Slovaquie – L’affaire Kuciak devenue entre-temps l’affaire Kočner n’en finit pas – depuis plus de trois ans – de défrayer la chronique dans la petite république du nord des Carpates. Dernier rebondissement en date, la Cour suprême de Slovaquie a décidé d’annuler les acquittements de l’homme d’affaires Marian Kočner et de sa collaboratrice Alena Zsuzsová – qui lui servait d’interprète et d’intermédiaire –, car le tribunal les ayant acquittés en septembre 2020 aurait commis « plusieurs erreurs ».

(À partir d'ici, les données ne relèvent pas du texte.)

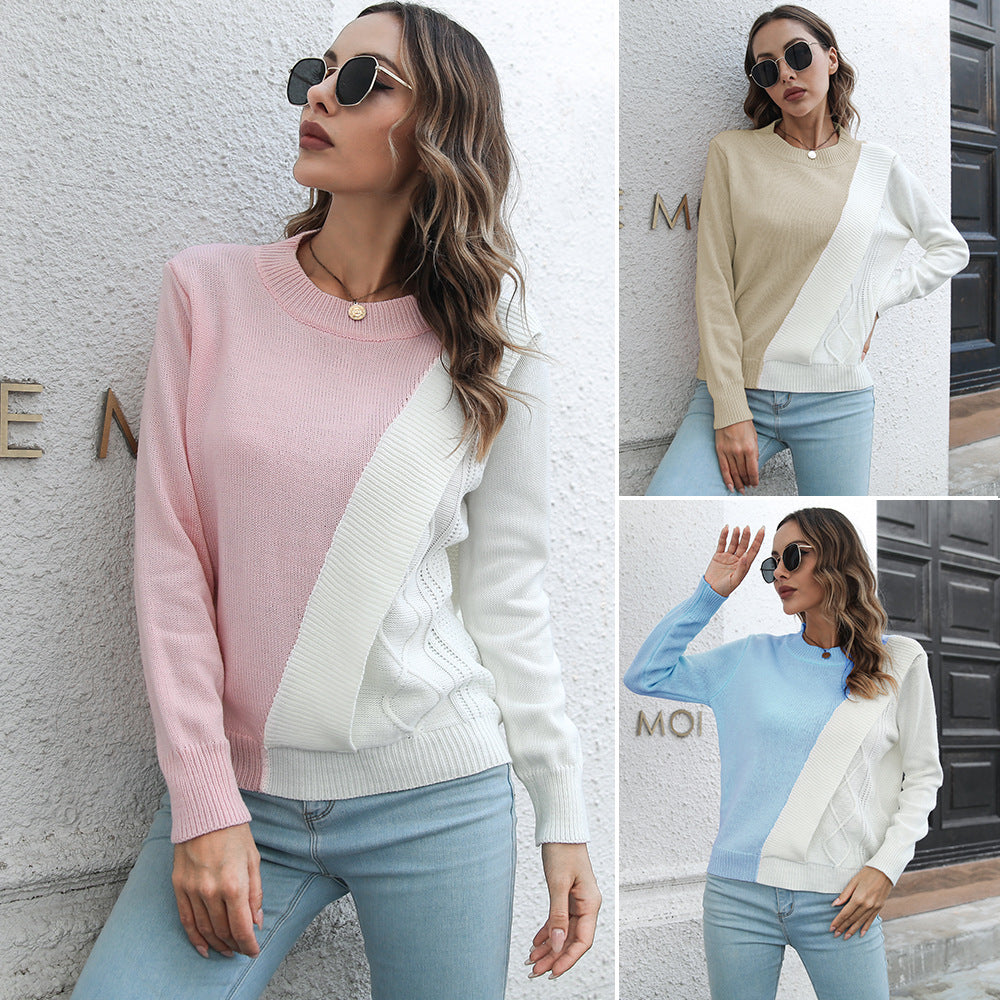 Damen modischer Pullover mit strukturiertem Design EB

Plusieurs pistes envisagées
Les corps du journaliste d’investigations Ján Kuciak et de sa fiancée, Martina Kušnírová, avaient été retrouvés – abattus de plusieurs balles – le 21 février 2018 à leur domicile de Veľká Mača (Nagymácséd), une petite commune magyarophone à 65 kilomètres à l’est de Bratislava. Ján Kuciak, qui travaillait pour le portail d’information Aktuality.sk, enquêtait sur plusieurs affaires de fraudes fiscales mettant en cause notamment :
- des entrepreneurs italiens liés à une branche slovaque très ancienne de la Ndrangheta, la mafia calabraise, et éventuellement avec des représentants du Smer-SD, le parti de l’ancien premier ministre Robert Fico,
- un complexe immobilier dans lequel résidaient l’ancien premier ministre Robert Fico et l’homme d’affaires Marian Kočner – Kuciak avait porté plainte contre Kočner pour menaces de mort,
- un oligarque, Miroslav Bödör, proche du Smer-SD et de l’ancien ministre de l’intérieur, Robert Kaliňák.

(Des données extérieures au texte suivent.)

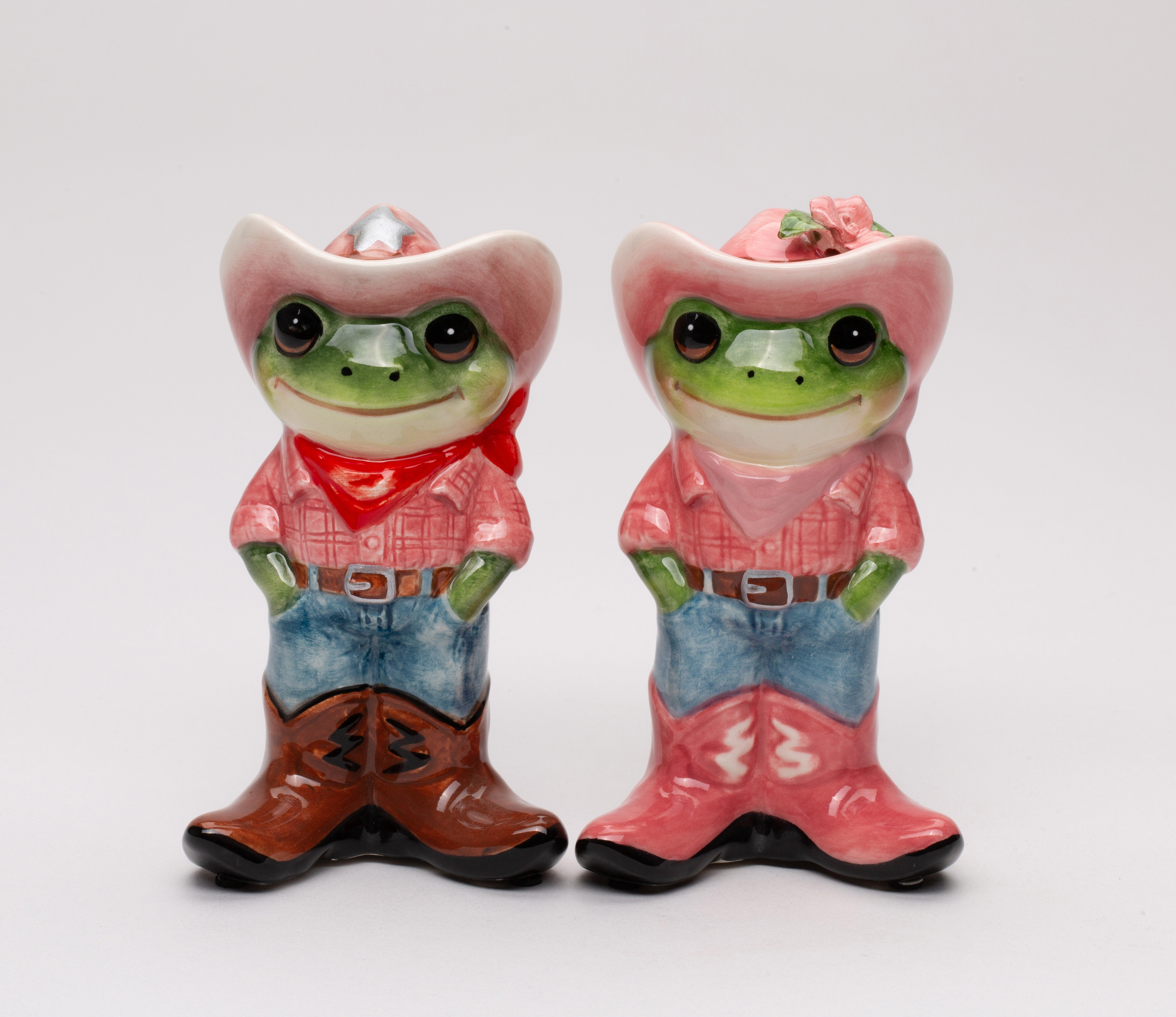 Cowboy And Cowgirl Frog Salt And Pepper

Condamnation des tueurs, acquittements des présumés commanditaires
Les enquêteurs se lancent d’abord sur la piste de la mafia calabraise – implantée en Slovaquie depuis plusieurs centaines d’années ! – avant de se tourner rapidement vers l’oligarque slovaque Marian Kočner. En septembre dernier, les deux auteurs du meurtre – Miroslav Marček, un ancien militaire, et Tomáš Szabó, un ancien policier – sont condamnés respectivement à 23 et 25 ans de réclusion criminelle, tandis que les commanditaires présumés du crime – Marian Kočner et Alena Zsuzsová – sont acquittés au bénéfice du doute.
« Il n’a pas été prouvé que cet acte avait été commis par Marian Kočner et Alena Zsuzsová »,
explique alors la juge, Ružena Sabová.
Des éléments de preuve non examinés ?
Marian Kočner, qui purge par ailleurs une peine de prison de 19 ans dans une affaire de faux sans rapport – a priori – avec le meurtre de Ján Kuciak et Martina Kušnírová, a toujours nié être impliqué de près ou de loin à cette affaire criminelle :
« Je ne suis pas un saint, mais je ne suis pas non plus un meurtrier […] Je ne suis certainement pas un imbécile qui ne réaliserait pas à quoi conduirait le meurtre d’un journaliste »,
avait-il déclaré devant le tribunal lors de son procès. Selon Peter Paluda, juge de ladite Cour suprême, le tribunal ayant acquitté Kočner et Zsuzsová n’aurait pas examiné l’ensemble des preuves disponibles : « Les éléments de preuve ont été évalués […] de manière isolée sans tenir compte des relations avec d’autres éléments de preuve, ce qui a conduit à une conclusion juridique erronée entraînant un acquittement ». L’annulation des acquittements des deux présumés commanditaires de l’affaire Kuciak – dont la culpabilité éventuelle n’a pas non plus été établie, ne l’oublions pas ! – va immanquablement mener à un second procès dans les prochains mois.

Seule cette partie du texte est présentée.